What is being asked: Taking the line with "Funny cartoon dog" as the first and the last line of the entries as the final one, copy that span exactly.

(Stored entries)
"""

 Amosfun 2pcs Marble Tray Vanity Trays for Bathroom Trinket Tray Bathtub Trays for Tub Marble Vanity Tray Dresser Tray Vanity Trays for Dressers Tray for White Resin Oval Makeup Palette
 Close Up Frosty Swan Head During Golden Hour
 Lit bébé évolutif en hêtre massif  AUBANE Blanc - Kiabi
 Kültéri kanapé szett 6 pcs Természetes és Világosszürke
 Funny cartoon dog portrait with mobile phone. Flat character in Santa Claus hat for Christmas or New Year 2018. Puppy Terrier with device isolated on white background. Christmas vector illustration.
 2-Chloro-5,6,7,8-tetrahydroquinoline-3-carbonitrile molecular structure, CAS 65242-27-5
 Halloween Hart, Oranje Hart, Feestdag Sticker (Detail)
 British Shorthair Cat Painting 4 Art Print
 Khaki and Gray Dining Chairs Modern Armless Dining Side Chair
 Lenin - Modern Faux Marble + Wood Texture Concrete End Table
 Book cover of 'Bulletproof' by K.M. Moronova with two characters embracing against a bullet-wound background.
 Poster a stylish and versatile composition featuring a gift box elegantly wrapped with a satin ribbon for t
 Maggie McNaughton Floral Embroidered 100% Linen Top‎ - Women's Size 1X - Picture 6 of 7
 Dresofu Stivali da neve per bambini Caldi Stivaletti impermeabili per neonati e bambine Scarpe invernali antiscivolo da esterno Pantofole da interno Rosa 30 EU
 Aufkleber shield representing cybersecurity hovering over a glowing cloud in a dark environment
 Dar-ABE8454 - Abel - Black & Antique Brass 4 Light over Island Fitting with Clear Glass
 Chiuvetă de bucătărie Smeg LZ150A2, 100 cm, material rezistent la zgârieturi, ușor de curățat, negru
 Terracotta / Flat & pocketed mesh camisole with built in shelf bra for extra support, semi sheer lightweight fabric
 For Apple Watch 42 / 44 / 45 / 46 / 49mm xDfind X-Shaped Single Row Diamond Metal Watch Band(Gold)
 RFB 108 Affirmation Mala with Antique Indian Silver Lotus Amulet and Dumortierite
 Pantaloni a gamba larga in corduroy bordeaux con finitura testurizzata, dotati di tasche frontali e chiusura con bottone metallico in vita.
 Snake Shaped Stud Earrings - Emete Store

"""

Answer to this task:
 Funny cartoon dog portrait with mobile phone. Flat character in Santa Claus hat for Christmas or New Year 2018. Puppy Terrier with device isolated on white background. Christmas vector illustration.
 2-Chloro-5,6,7,8-tetrahydroquinoline-3-carbonitrile molecular structure, CAS 65242-27-5
 Halloween Hart, Oranje Hart, Feestdag Sticker (Detail)
 British Shorthair Cat Painting 4 Art Print
 Khaki and Gray Dining Chairs Modern Armless Dining Side Chair
 Lenin - Modern Faux Marble + Wood Texture Concrete End Table
 Book cover of 'Bulletproof' by K.M. Moronova with two characters embracing against a bullet-wound background.
 Poster a stylish and versatile composition featuring a gift box elegantly wrapped with a satin ribbon for t
 Maggie McNaughton Floral Embroidered 100% Linen Top‎ - Women's Size 1X - Picture 6 of 7
 Dresofu Stivali da neve per bambini Caldi Stivaletti impermeabili per neonati e bambine Scarpe invernali antiscivolo da esterno Pantofole da interno Rosa 30 EU
 Aufkleber shield representing cybersecurity hovering over a glowing cloud in a dark environment
 Dar-ABE8454 - Abel - Black & Antique Brass 4 Light over Island Fitting with Clear Glass
 Chiuvetă de bucătărie Smeg LZ150A2, 100 cm, material rezistent la zgârieturi, ușor de curățat, negru
 Terracotta / Flat & pocketed mesh camisole with built in shelf bra for extra support, semi sheer lightweight fabric
 For Apple Watch 42 / 44 / 45 / 46 / 49mm xDfind X-Shaped Single Row Diamond Metal Watch Band(Gold)
 RFB 108 Affirmation Mala with Antique Indian Silver Lotus Amulet and Dumortierite
 Pantaloni a gamba larga in corduroy bordeaux con finitura testurizzata, dotati di tasche frontali e chiusura con bottone metallico in vita.
 Snake Shaped Stud Earrings - Emete Store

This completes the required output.